Before the currency reform, the most frequently reported chief worry had always been food. Indeed, during the winter and spring of 1948, over half the people in AMZON, two-thirds in Berlin, and three-fourths in Bremen mentioned food among their chief cares and worries. After the currency reform, however, the picture changed markedly in AMZON and Bremen, while in West Berlin, where the blockade was instituted along with the currency reform, the food situation remained serious and 47 per cent of the population was still seriously concerned with it.
During the winter and spring of 1948 clothing and shoes ranked second as an expressed worry, with about four in ten AMZON adults mentioning it. But after the currency reform this figure dropped and by August only eight per cent thought it important enough to mention. In Berlin, however, the drop was only from 32 per cent to 14 per cent.
Fuel was a less pervasive worry but one which showed the same tendency as food and clothing. In Berlin, after dropping to its usual summer low of one or two per cent in late spring, it rose again to one in ten during August.
Although worries over basic necessities tended to decrease after the currency reform to nearly manageable proportions, anxiety over the means of obtaining them skyrocketed. By midsummer, half the AMZON population (48%) said that they had no means of livelihood and by August this figure had risen to 59 per cent.

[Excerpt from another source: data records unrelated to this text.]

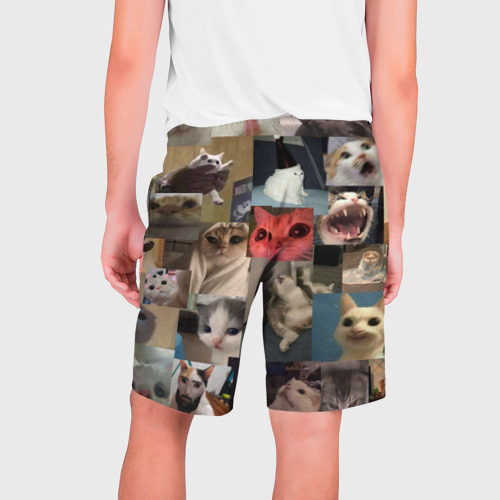 Мужские шорты 3D Мемные котики, цвет 3D печать - фото 2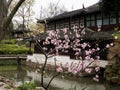 Springtime in Humble Administrator`s Garden, one of the most famous classical gardens of Suzhou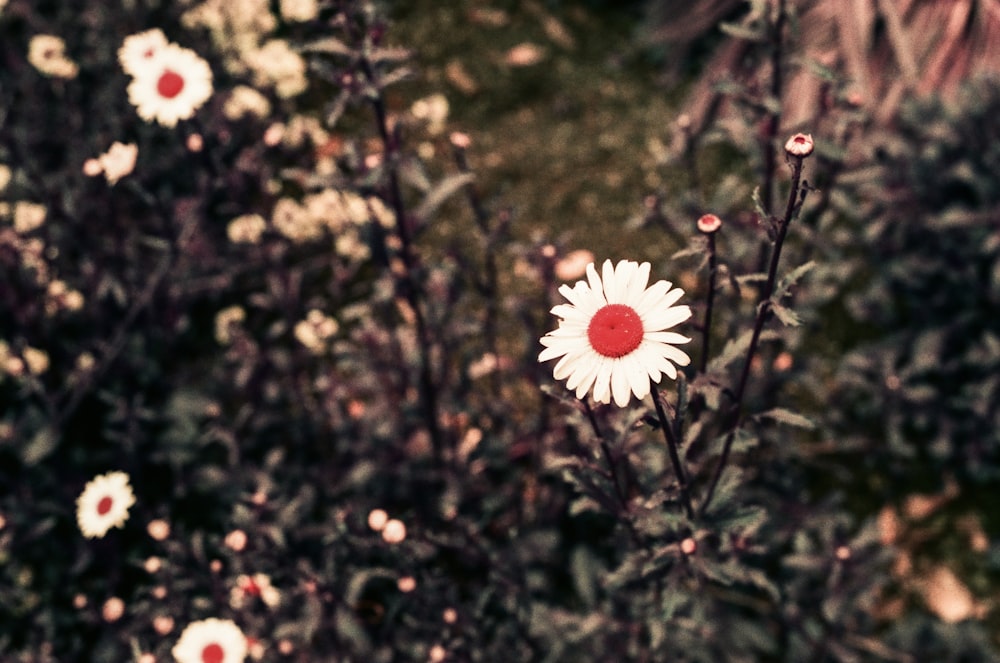 a white flower with a red center in a field of flowers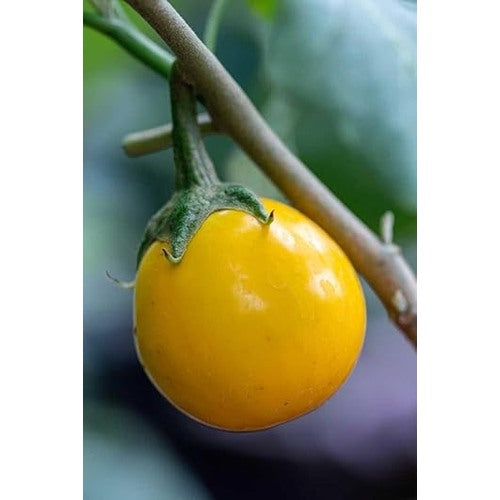 Heirloom Non-GMO Yellow Eggplant Vegetable Seeds for Home Garden Planting [neera-v5-7f1a0540503148323948]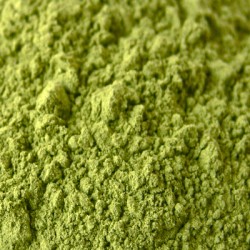 SPINACH POWDER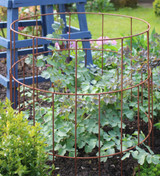 Round Plant Support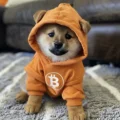 Official Dog (Bitcoin) logo
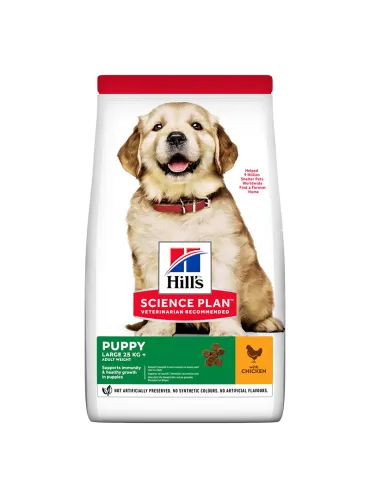 Dog Hills Science Plan Puppy Large Breed Pollo 12kg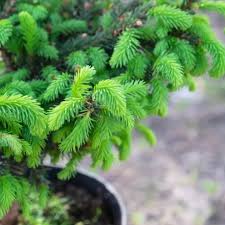 Attēlu rezultāti vaicājumam “Picea abies leaf”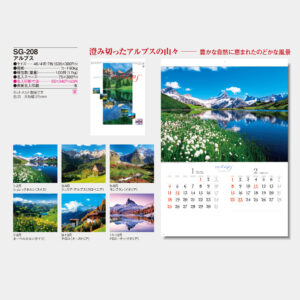 SG-208　アルプス 5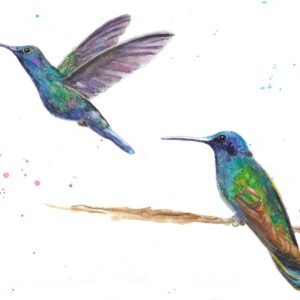 Humming birds
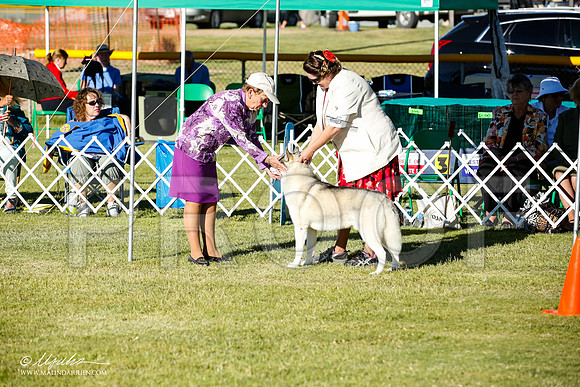 _JN_9853-AlamogordoOct2014-HR3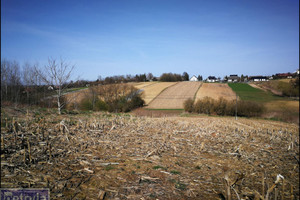 Działka na sprzedaż 2600m2 krakowski Kocmyrzów-Luborzyca Luborzyca - zdjęcie 3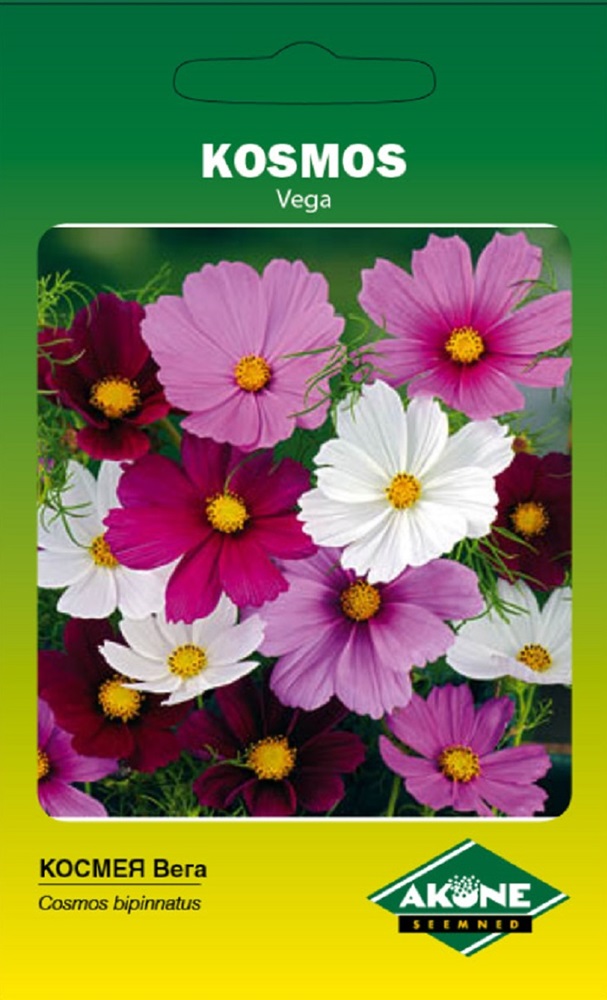 cosmos_vega_a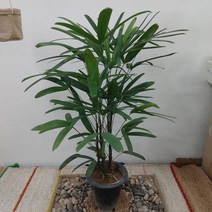 관음죽 최상급, 1개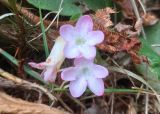 genus Epigaea. Эпигея ползучая. Epigaea repens. В природе. Галифакс 08.05.2026.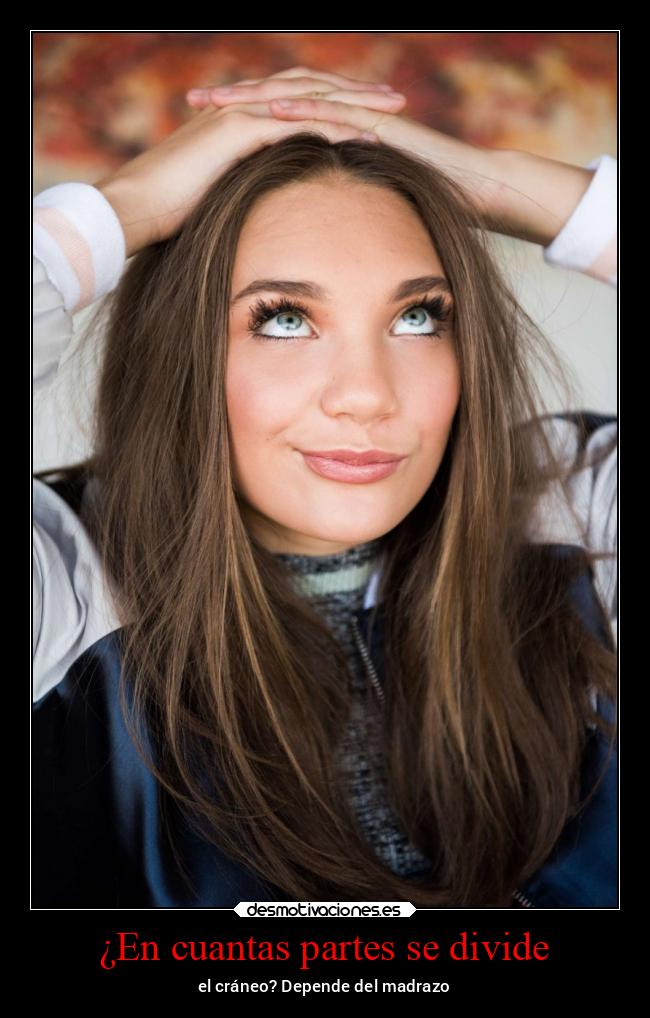 ¿En cuantas partes se divide -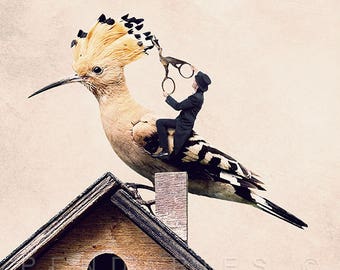 bird photo, funny birds prints, Hoopoe hairdresser photo, gift for ornithologist, hairdressing salon decoration, deco for hairdressers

In all the surveys, a small group of people in AMZON (less than 5%) mentioned concern about the future in general. In West Berlin, however, it rose from about five per cent to 13 per cent in mid-April, dropped again in May and then rose again, remaining relatively high (10% to 14%) during June, July, and August.
Most of the other kinds of cares and worries remained fairly constant: anxiety about prisoners of war and missing persons (6-9%), loss of housing (8-14%), Nazi Party membership (0-2%), health (3-6%), evacuee difficulties (8-9%). The number claiming to have no worry varied from one to five per cent of the AMZON sample.